REQUIRED WORK:
Your task is to retype every entry exactly while omitting the pictures.

SOURCE MATERIAL:
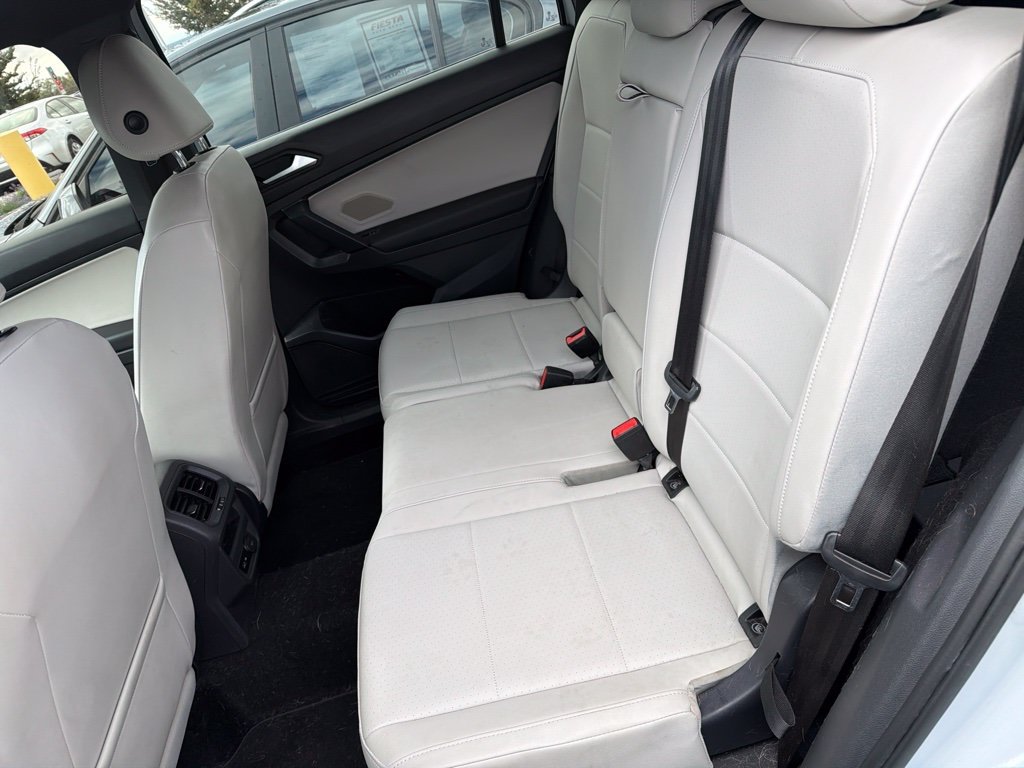 Used 2019 Green Volkswagen 2.0T SEL R-Line image 9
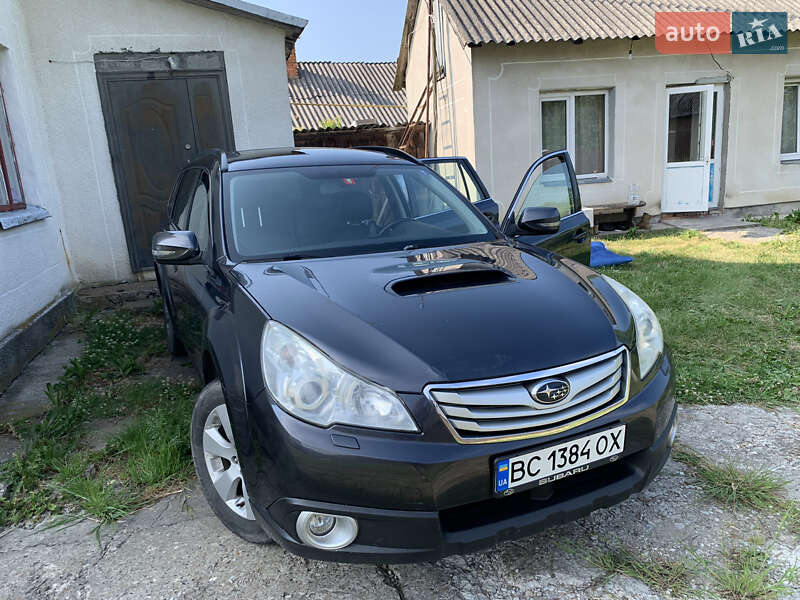 Универсал Subaru Outback 2010 в 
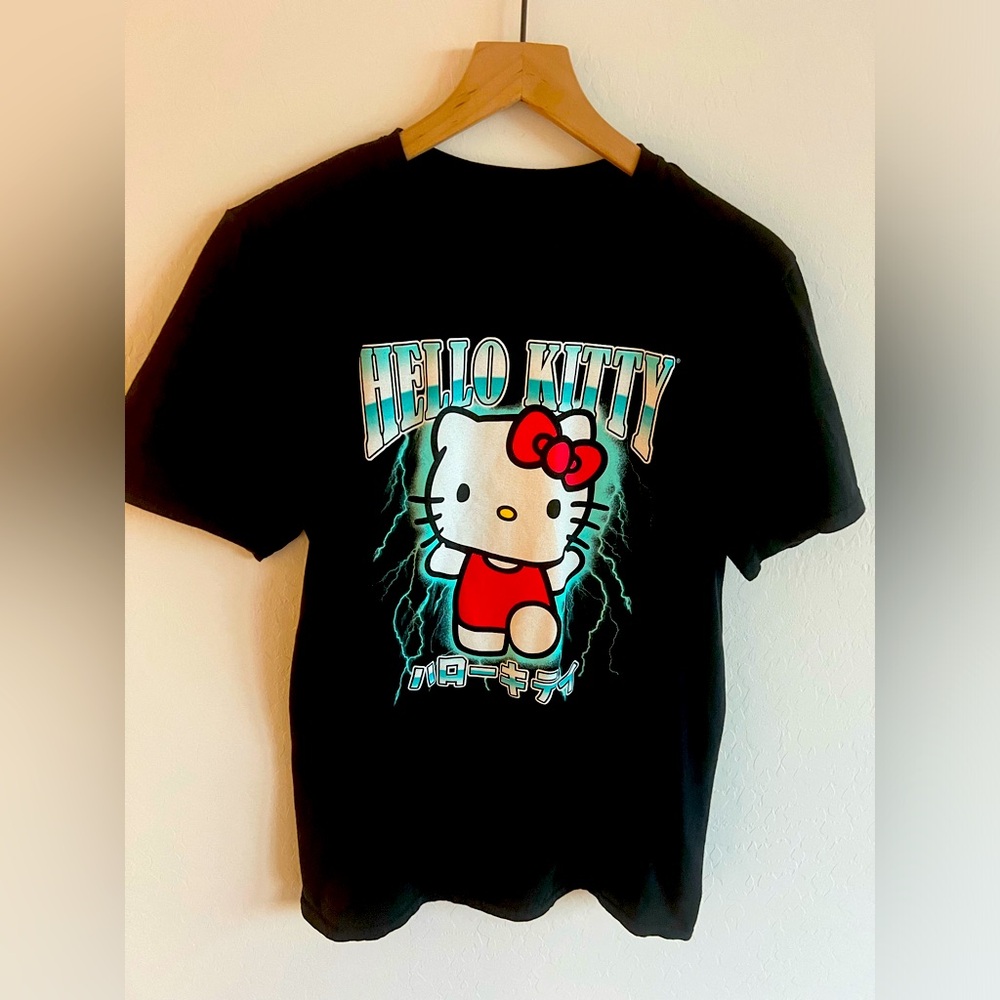 Hello Kitty Sanrio Unisex Adults Lightning Print Crewneck Black T-Shirt Medium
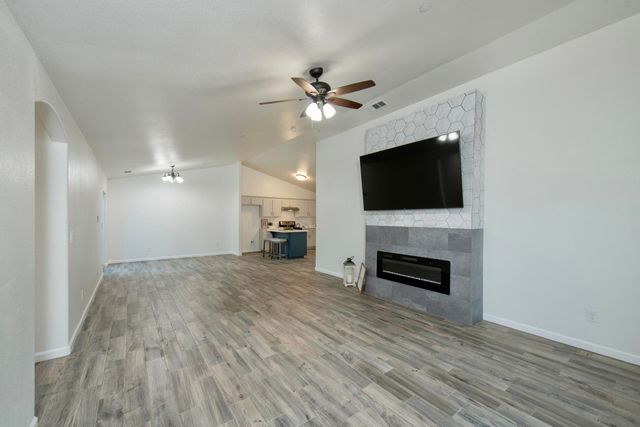 433 S Church Street, Visalia, CA 93277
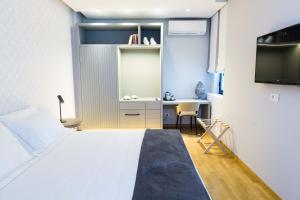 A bed or beds in a room at 200 ROOMS & TERRACE
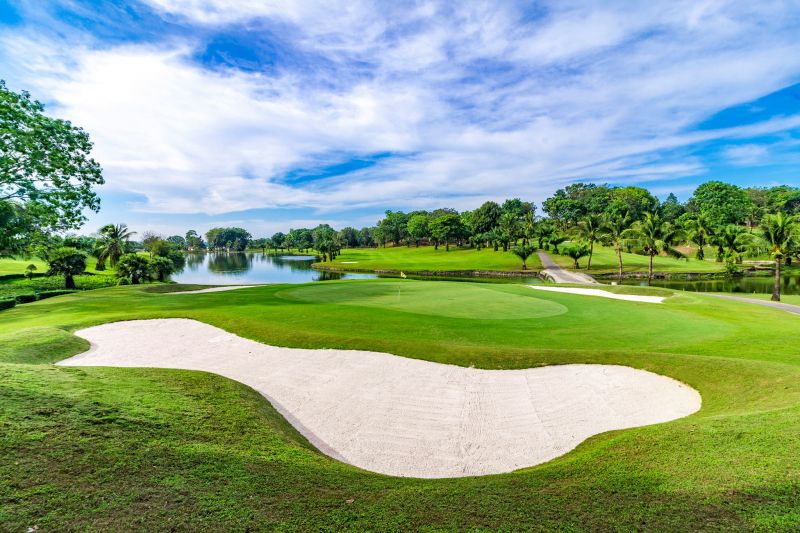 Hà Tĩnh vừa chấp thuận nhà đầu tư 2 dự án sân golf gần 2.800 tỷ đồng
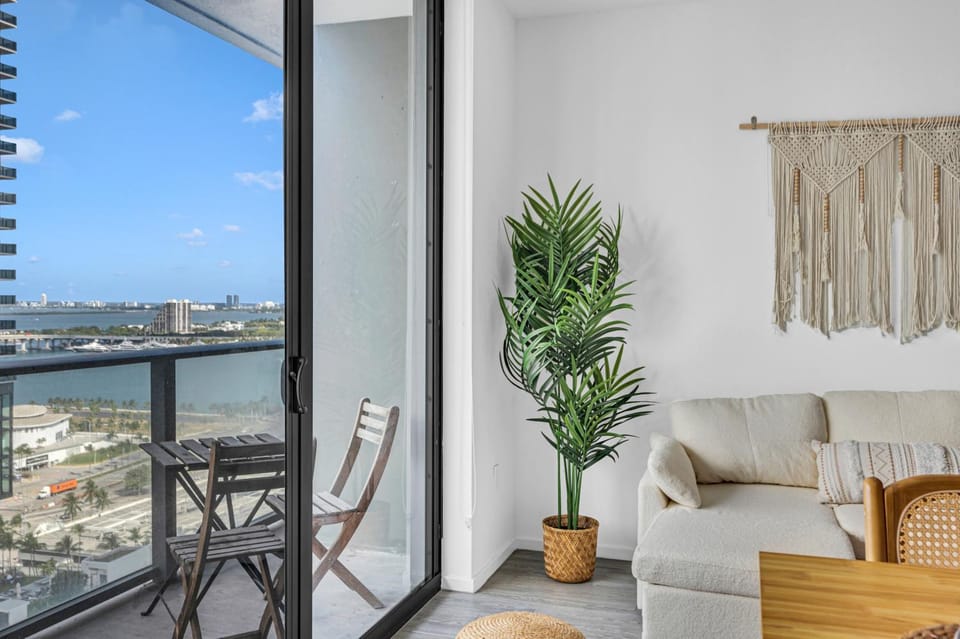 Patio, Natural landscape, Balcony/Terrace, Living room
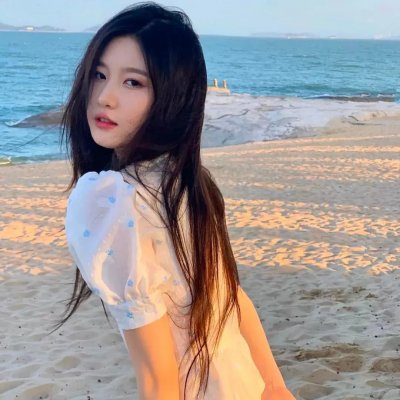 25号盒子海报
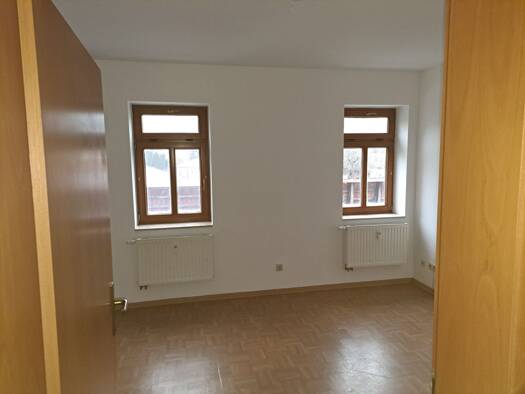 Wohnung zur Miete 450 € 3 Zimmer 84,3 m² frei ab sofort Dittmannsdorfer Straße 1 Neukirchen Reinsberg 09629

SOLUTION:
 Used 2019 Green Volkswagen 2.0T SEL R-Line image 9
 Универсал Subaru Outback 2010 в 
 Hello Kitty Sanrio Unisex Adults Lightning Print Crewneck Black T-Shirt Medium
 433 S Church Street, Visalia, CA 93277
 A bed or beds in a room at 200 ROOMS & TERRACE
 Hà Tĩnh vừa chấp thuận nhà đầu tư 2 dự án sân golf gần 2.800 tỷ đồng
 Patio, Natural landscape, Balcony/Terrace, Living room
 25号盒子海报
 Wohnung zur Miete 450 € 3 Zimmer 84,3 m² frei ab sofort Dittmannsdorfer Straße 1 Neukirchen Reinsberg 09629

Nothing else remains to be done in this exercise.